Albums of Inclusion: The Photographic Poetics of Caribbean Chinese Visual Kinship

Posted in Asian Diaspora, Caribbean/Latin America, Literary/Artistic Criticism, Media Archive on 2018-08-10 00:06Z by Steven

Albums of Inclusion: The Photographic Poetics of Caribbean Chinese Visual Kinship

Small Axe: A Caribbean Journal of Criticism
Volume 22, Number 2 (56)
2018-07-01
pages 35-56
DOI: 10.1215/07990537-6985666

Tao Leigh Goffe, Assistant Professor of Africana Studies and Feminist, Gender, & Sexuality Studies
Cornell University, Ithaca, New York

Issue Cover

This essay focuses on artwork that centers family photographs and home movies as a point of departure to trouble the conventional family album in order to narrate a story about Caribbean Chinese kinship. In the art examined, personal visual archives are used to respond to the lacuna of Caribbean Chinese familial intimacies from the colonial archive.

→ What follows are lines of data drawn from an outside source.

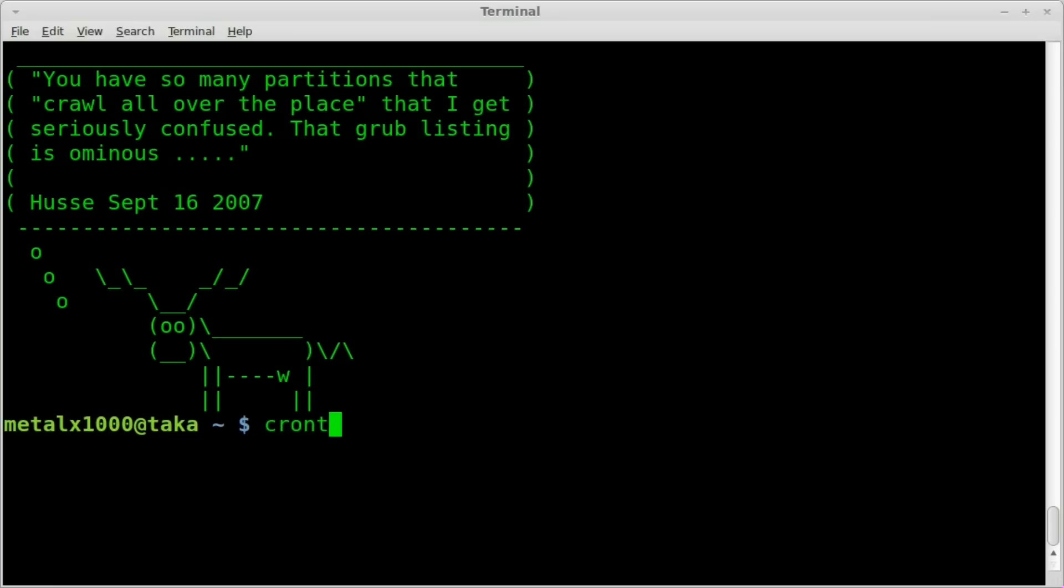And what we're going to run today is we're going to run crontab. And if I haven't said already, a cron job is just basically setting a job to run, a program to run every so often. You might be familiar with the at command, it's similar to that, but probably a little more advanced.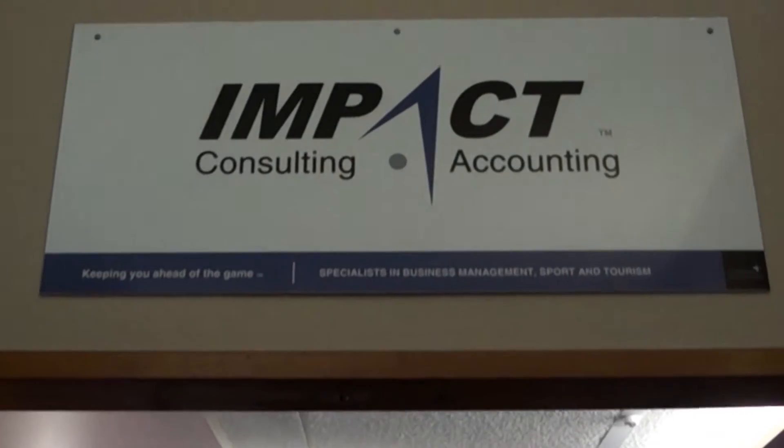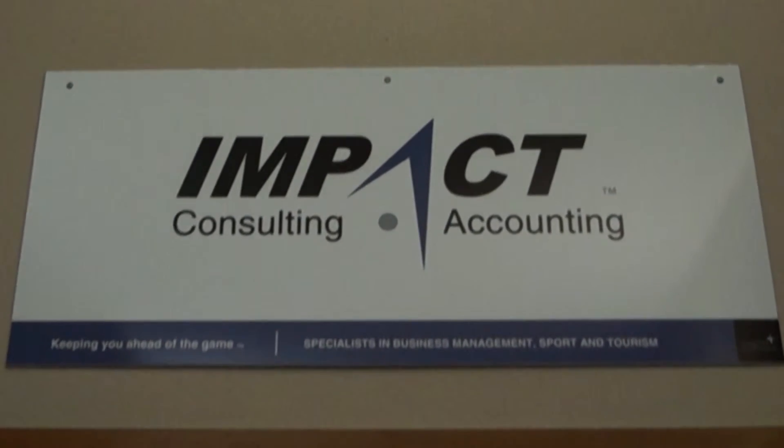I'm Lindsay Day, Managing Director of Impact Consulting and Accounting, which specializes in sports, leisure, tourism, and education.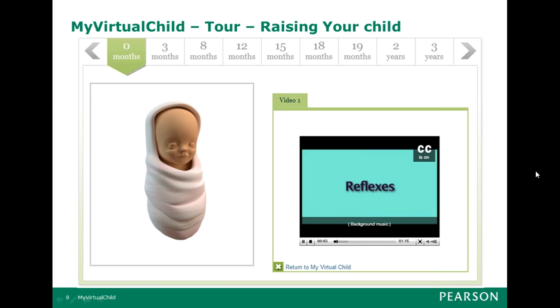There are also videos at the bottom. This one is a video on reflexes of a newborn baby. As the child ages, there are more videos explaining different developmental milestones.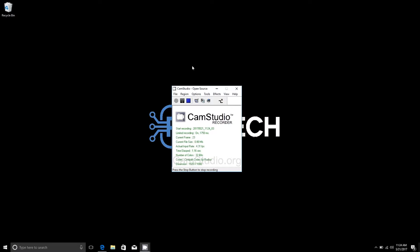Hey folks, this is Brad with PCMEC.com and real quick we're just going to show you how you can create your own screencast using CamStudio. It's really easy to use and set up.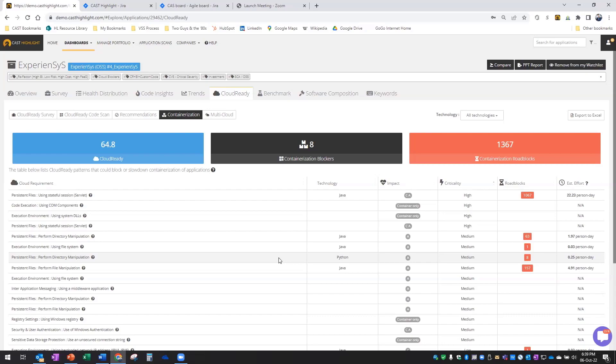And then we looked at the cloud readiness: what are the blockers, estimate the effort to remediate, what do I need to do, get some recommendations on cloud native services that we could look at once we get to the cloud. And then I can push that information out into my project or ticketing system to start assigning those tasks to the team members.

Engaging shared themes of migration and racialized ideas of reproduction, three contemporary diasporic visual artists—Albert Chong, Richard Fung, and Tomie Arai—mine oral histories and family archives to blend aural and visual narratives. These artists rupture the surface of family images to trouble the bourgeois, heteronormative, and colorist scripts that often police the formation of family. The family album is rearranged and marked up; thus it becomes rendered as flesh inscribed with silent narratives. Through different forms of remixing, they engage with the affect and entanglements of family photography to form a visual vocabulary of diasporic kinship. In doing so, the artwork—collages, documentaries, installations—interrogates the afterlife of the nineteenth-century European colonial experiment of Chinese indenture, designed to install a discreet “buffer race” between the white minority and the black majority in the Caribbean after abolition. The experiment, which depended on the capacity for the Chinese to develop bourgeois domesticity in the Caribbean after abolition, failed because of sexual intimacies between people of African descent and people of Asian descent, beyond the imperial order’s imagining. Another future of familial intimacies in the diaspora is present in the artists’ aesthetic of fragmentation and collage.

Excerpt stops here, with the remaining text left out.